Nutritional Deficiencies

Nutritional deficiencies or malnutrition is one of the most serious complications that can be associated with SIBO. When food enters the small intestine, it mixes with digestive juices. The nutrients are withdrawn from the food, absorbed by the bloodstream, and transported throughout the rest of the body. If there is an imbalance of gut bacteria, your body will not be able to properly absorb the nutrients from the food you consume, which can result in nutritional deficiencies.

The most common nutrients that patients with SIBO are deficient in include iron, calcium, and vitamin B12, as well as fat-soluble vitamins, such as vitamin D, vitamin E, vitamin K, and vitamin E. Deficiencies of these vital nutrients can result in a number of potentially serious health complications, such as weakness, confusion, lethargy, and in the most severe case, the central nervous system can become damaged.

Fatigue and Brain Fog

As mentioned above, SIBO can lead to nutritional deficiencies. When your body is deficient in vital nutrients, a number of side effects can occur. Two prominent side effects that are associated with SIBO-related nutritional deficiencies include fatigue and brain fog.

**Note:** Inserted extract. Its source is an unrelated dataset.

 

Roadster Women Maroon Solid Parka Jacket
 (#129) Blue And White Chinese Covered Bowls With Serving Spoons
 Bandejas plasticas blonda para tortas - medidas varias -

When your body isn’t absorbing key nutrients, it isn’t receiving the energy that’s needed to thrive. This can result in feelings of fatigue, listlessness, and lethargy. Nutritional deficiencies can also damage the central nervous system, one of the most concerning complications associated with SIBO. Excessive bacteria in the small intestine can cause toxin production. The bloodstream can pick up the toxins and transport them throughout the body, including the central nervous system – including the brain. This can result in inflammation in the brain, which can lead to cognitive impairment that is often marked by brain fog. SIBO patients who experience brain fog also report concentration and memory impairment.

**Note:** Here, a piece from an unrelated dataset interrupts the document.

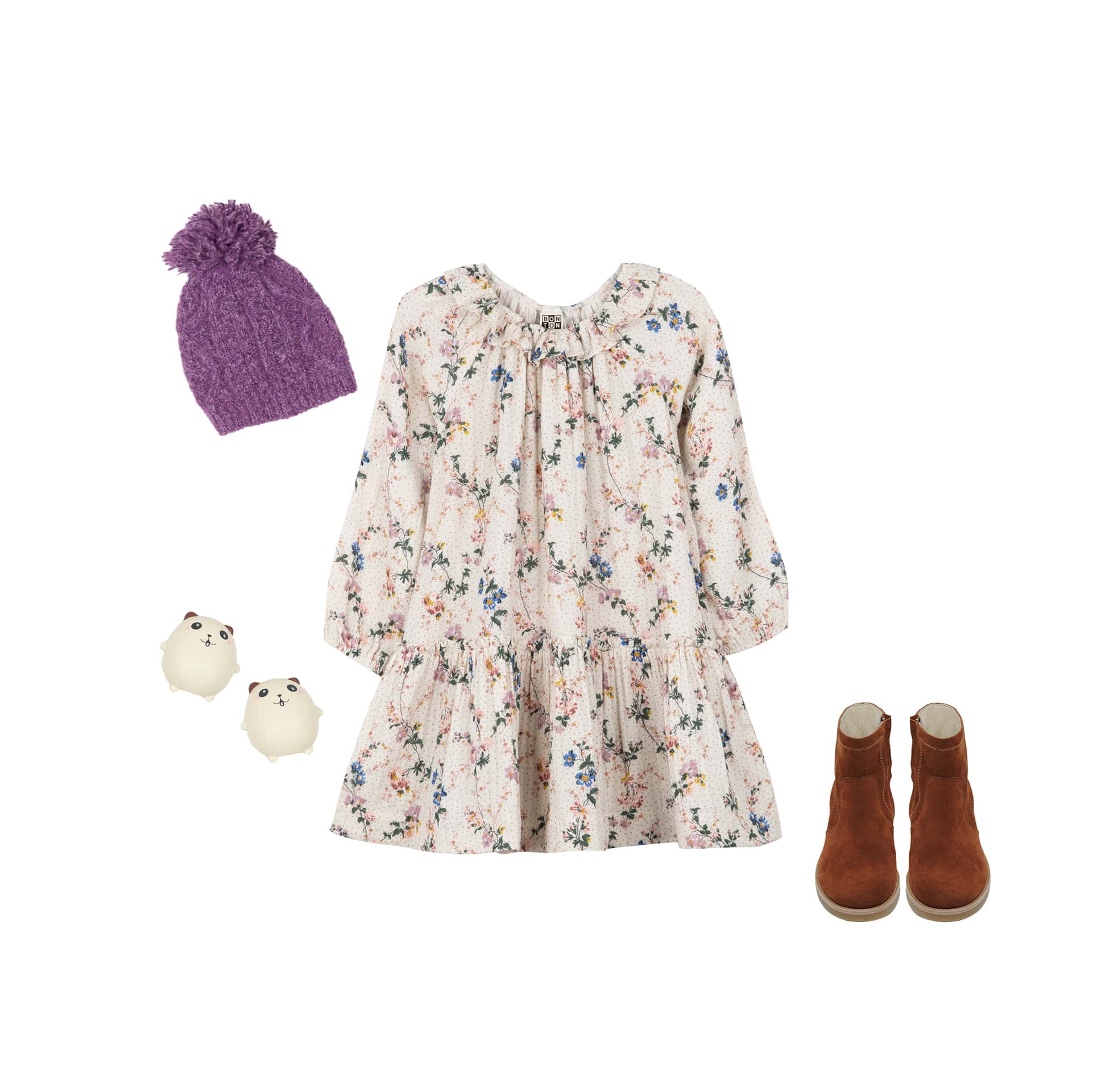 Girls White Floral Cotton Dress
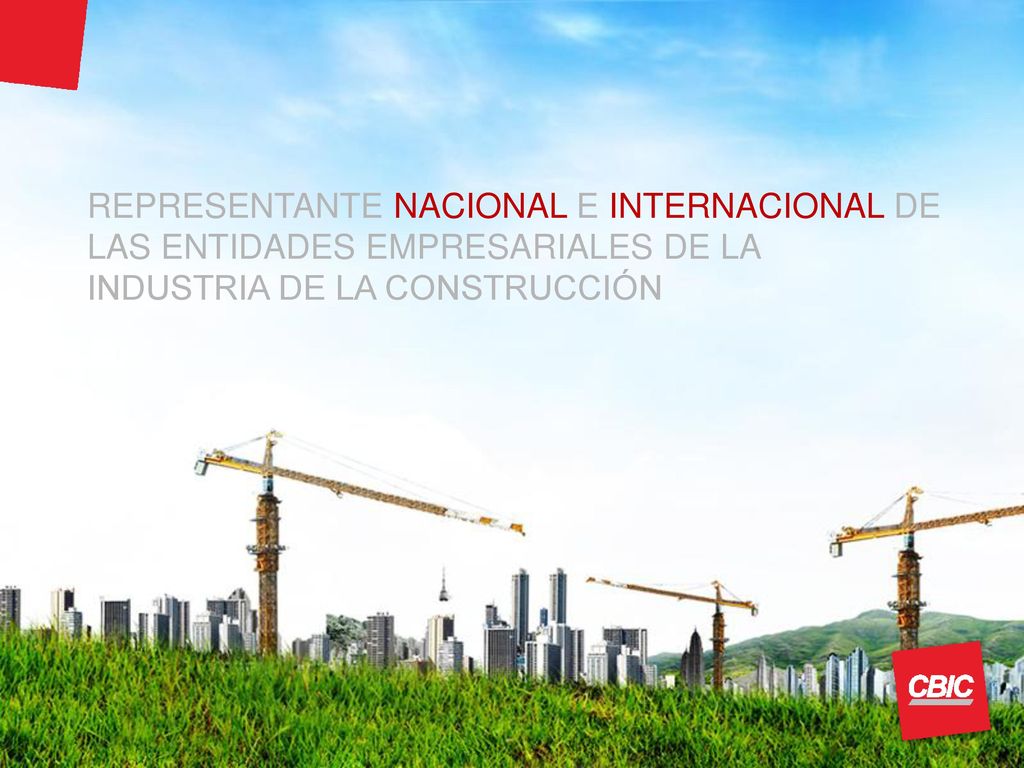REPRESENTANTE NACIONAL E INTERNACIONAL DE LAS ENTIDADES EMPRESARIALES DE LA INDUSTRIA DE LA CONSTRUCCIÓN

Seek Medical Treatment at the First Sign of SIBO

The overgrowth of bacteria in the small intestine can be painful and if left untreated, can lead to serious medical complications. If you are experiencing one or more of the above-mentioned symptoms, it’s important to seek prompt medical care. While there are several factors that can contribute to these symptoms, being checked for SIBO is highly recommended. The earlier this condition is diagnosed, the sooner you can receive proper medical care, and early intervention is critical for correcting and offsetting the side effects of small intestinal bacterial overgrowth.